:: Work to be completed ::
From the first line of the entries down to the line with "Now N equals", write out every line exactly; that last line counts, but pictures do not.

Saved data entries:
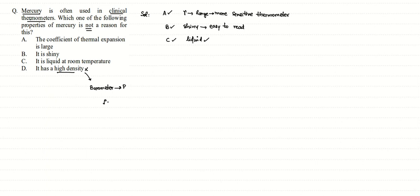Mercury's density is 13.6 grams per centimeter cube. Mercury rises in a barometer to a height of about 76 centimeters. If we use water, it would rise to 76 multiplied by 13.6 - much higher - because water's density is about 1 gram per centimeter cube.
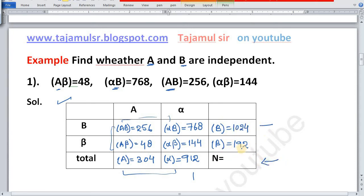Now N equals 1024 plus 192, which is 1216. Verified from the other side: 304 plus 912 is also equal to 1216. So we now have all the frequencies needed.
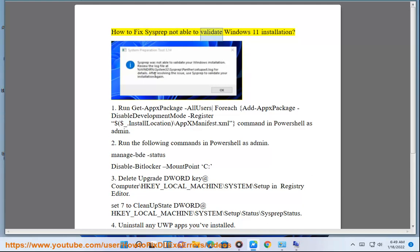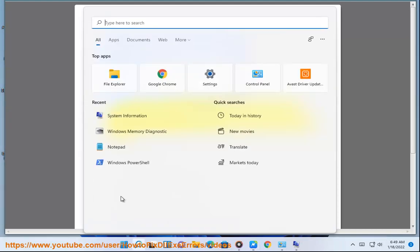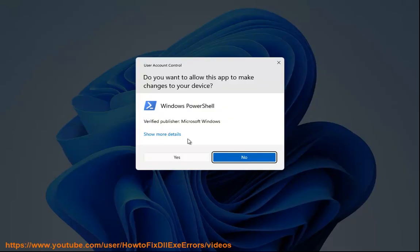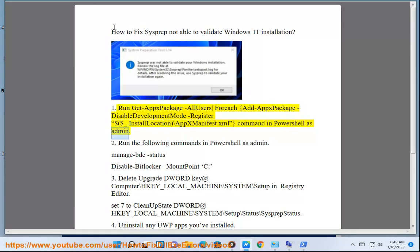How to fix sysprep not able to validate Windows 11 installation. Step 1: Run Get-AppxPackage -AllUsers -ForEach {Add-AppxPackage -DisableDevelopmentMode -Register "$($_.InstallLocation)\AppxManifest.xml"} command in PowerShell as admin.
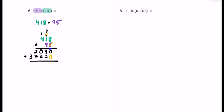Zero plus zero is zero. Nine plus two is 11 — put the one and carry the one. One plus zero plus six is seven. Two plus seven is nine. Bring down the three. We ignored one decimal place from 9.5 and two decimal places from 4.18 — a total of three decimal places. So we count three from the right. Our final product is 39 and 71 hundredths. We drop the trailing zero since 710 thousandths equals 71 hundredths in value.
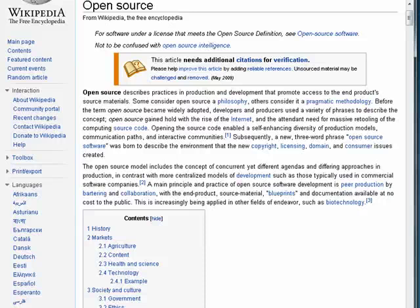In this way, open source is often considered better than conventional software, because you can get multiple people working on something and making it better. That's open source, and that's all there is to it.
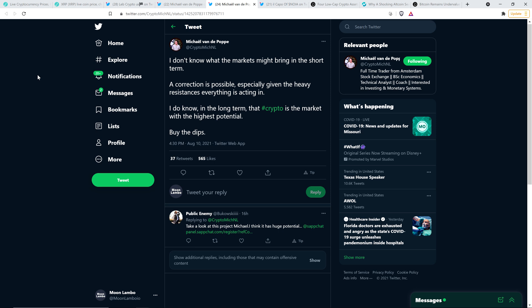And then Michael Vandepop also tweeted this out: I don't know what the markets might bring in the short term. A correction is possible, especially given the heavy resistances everything is acting in. I do know in the long term that crypto is the market with the highest potential. Buy the dips. Yeah, exactly. Which is why by the time you're watching this, who the hell knows? Maybe the market's going to be down. But it doesn't matter.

:: Answer area ::
Mercury's density is 13.6 grams per centimeter cube. Mercury rises in a barometer to a height of about 76 centimeters. If we use water, it would rise to 76 multiplied by 13.6 - much higher - because water's density is about 1 gram per centimeter cube.
Now N equals 1024 plus 192, which is 1216. Verified from the other side: 304 plus 912 is also equal to 1216. So we now have all the frequencies needed.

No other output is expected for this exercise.